The pope has not declared ex cathedra anything about this. He just declared that it goes against tradition but he did not make it ex cathedra.
( Petty detail but you really have to pay attention).

Two hundred years ago slavery was God's Will, defended by all Church leaders. Serfdom was considered God's will in Russia. It was the natural order of things decreed by God.

John (Ad Orientem) said...

Anonymous,
I believe you will find that I have indeed been paying attention. I refer you to the Apostolic Letter ORDINATIO SACERDOTALIS (+John Paul II) which concludes thus... (emphasis mine)

"Wherefore, in order that all doubt may be removed regarding a matter of great importance, a matter which pertains to the Church's divine constitution itself, in virtue of my ministry of confirming the brethren (cf. Lk 22:32) I declare that the Church has no authority whatsoever to confer priestly ordination on women and that this judgment is to be definitively held by all the Church's faithful."

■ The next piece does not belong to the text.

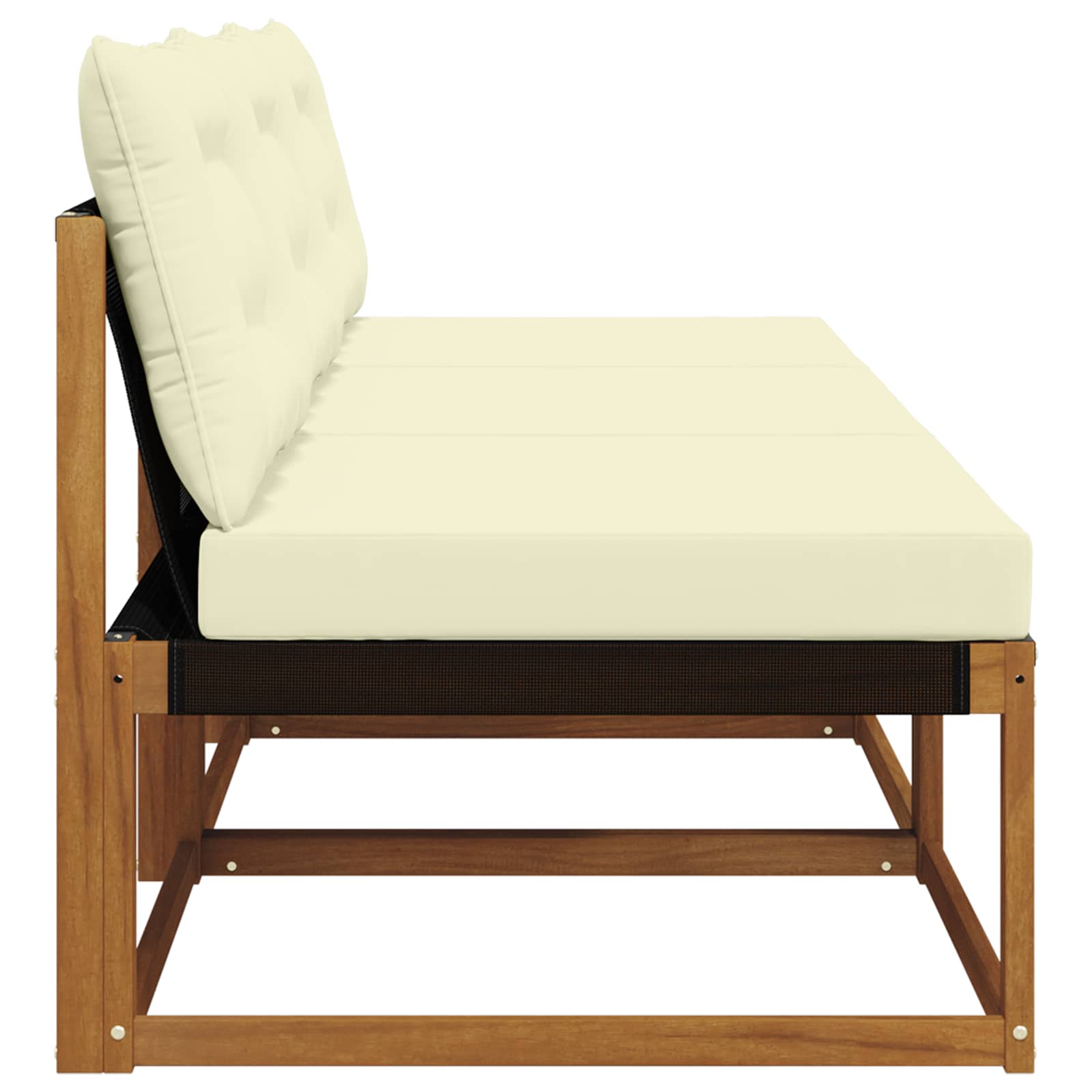 3 Stuk Buiten Midden Sofa Massief Acaciahout Naturel Natuurlijk en crème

Further I refer you to the decree of the Sacred Congregation for the Doctrine of the Faith of October 28 1995 which in referring to ORDINATIO SACERDOTALIS states ...

"This teaching requires definitive assent, since, founded on the written Word of God, and from the beginning constantly preserved and applied in the Tradition of the Church, it has been set forth infallibly by the ordinary and universal Magisterium (cf. Second Vatican Council, Dogmatic Constitution on the Church Lumen Gentium 25, 2). Thus, in the present circumstances, the Roman Pontiff, exercising his proper office of confirming the brethren (cf. Lk 22:32), has handed on this same teaching by a formal declaration, explicitly stating what is to be held always, everywhere, and by all, as belonging to the deposit of the faith.

The Sovereign Pontiff John Paul II, at the Audience granted to the undersigned Cardinal Prefect, approved this Reply, adopted in the ordinary session of this Congregation, and ordered it to be published.

Rome, from the offices of the Congregation for the Doctrine of the Faith, on the Feast of the Apostles SS. Simon and Jude, October 28, 1995.

+ Joseph Cardinal Ratzinger
Prefect"


Please note that the man who bottom lined this decree has since changed jobs, and having declared with his predecessor's concurrence that the Roman Church's teaching on this subject is dogmatically defined, I think the matter is settled. You are of course free to disagree with that. A lot of people do. They are called Protestants.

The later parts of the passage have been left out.